I fully agree. I realized this early on when experimenting with GPT-3 for web data extraction. After posting the first prototype on Reddit and HN, we started seeing a lot of demand for automating rule-based web scraping stacks (lots of maintenance, hard to scale). This eventually led to the creation of our startup (https://kadoa.com) focused on automating this "boring and hard" problem.

It comes down to such relatively unexciting use cases where AI adds the most value.

AI won't eliminate our jobs, but it will automate tedious, repetitive work such as web scraping, form filling, and data entry.

furyofantares|1 year ago

The way you cut that quote turns it into an assertion that doesn't exist in parent post.

They didn't make the (incorrect) statement that no other serious, useful application exists.

But that's how it reads when you cut off before "I have actually engaged in for real work and found useful"

strickvl|1 year ago

Thanks!
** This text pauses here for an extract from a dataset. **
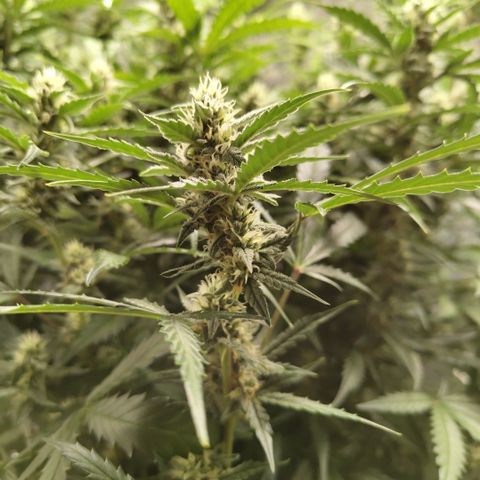Mysterio #1 [monster] growlog timeline photo
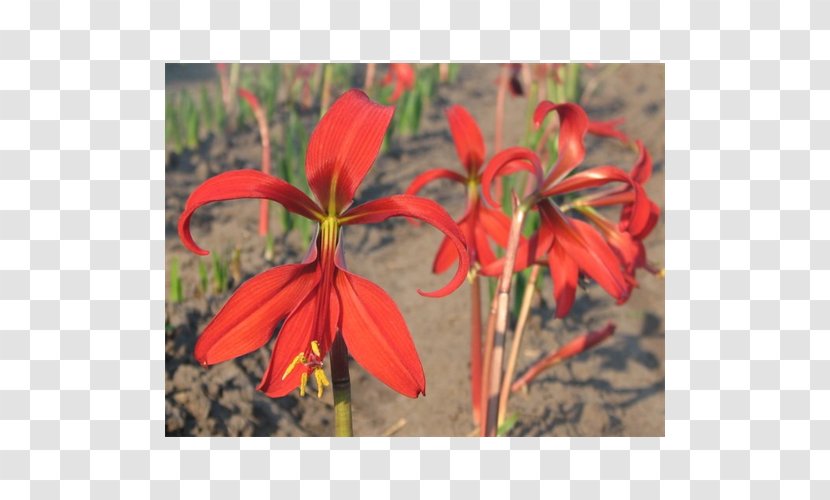 Amaryllis Montbretia Jersey Lily Fritillaries Daylily - Fritillaria Transparent PNG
Yes one 'next step' that I'd like to do (probably around the work on deployment / inference that I'm turning to now) will be to see just how small I can get the model. Spacy have been pushing this kind of workflow (models in the order of tens of MB) for years and it's nice that there's a bit more attention to it. As you say, ideally I'd want lots of these tiny models that were super specialists at what they do, small in size and speedy in inference time. As I hinted towards the end of the post, however, keeping all that updated starts to get unwieldy at a certain point if you don't set it all up in the right way.